Although this algorithm is very good, but not the fastest algorithm.

Algorithm four:

Algorithm four is called online processing. This means that every time a data is read into a timely process, the result is that the current reading of the data are established, that is, in any position to terminate the read, the algorithm can give the correct solution, edge-reading edge solution.

#include
using namespace Std;
int find_maxsum4 (int*a, int n);
int main () {
int n, I;
int a[100];
CIN >> N;
cout << "Pleace Input the" << n << "number:" << Endl;
for (i = 0; i < n; i++)
CIN >> A[i];
cout << find_maxsum4 (a,n) << Endl;
return 0;
}
int find_maxsum4 (int*a, int n) {
int i, Newsum = 0, maxsum = 0;
for (i = 0; i < n; i++) {
Newsum + = A[i]; /* Current sub-sequence and/*
if (Maxsum < newsum)
Maxsum = Newsum; /* Update maximum subsequence and/*
if (Newsum < 0)/* Less than 0 Discard */
newsum = 0;
}
return maxsum;
}

This algorithm is to scan the data read one after another, only a For loop, solve the same problem algorithm is very different, lies in a trick, let the computer remember some of the key intermediate results, to avoid repeated calculation.

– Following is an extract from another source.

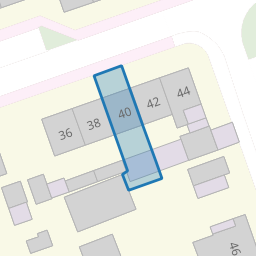 Perceel VBG02-G-2779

http://www.bkjia.com/PHPjc/1044670.html www.bkjia.com true http://www.bkjia.com/PHPjc/1044670.html techarticle maximal subsequence and algorithm analysis, sub-sequence algorithm analysis problem description: given n integer sequence {a1,a2,..., an}, the function f (i,j) =max{0,a k} (k: Continuous from I to j); The problem is to seek continuous ...

  • Related Article

    Contact Us

    The content source of this page is from Internet, which doesn't represent Alibaba Cloud's opinion; products and services mentioned on that page don't have any relationship with Alibaba Cloud. If the content of the page makes you feel confusing, please write us an email, we will handle the problem within 5 days after receiving your email.

    If you find any instances of plagiarism from the community, please send an email to: info-contact@alibabacloud.com and provide relevant evidence. A staff member will contact you within 5 working days.

    A Free Trial That Lets You Build Big!

    Start building with 50+ products and up to 12 months usage for Elastic Compute Service

    • Sales Support

      1 on 1 presale consultation

    • After-Sales Support

      24/7 Technical Support 6 Free Tickets per Quarter Faster Response

    • Alibaba Cloud offers highly flexible support services tailored to meet your exact needs.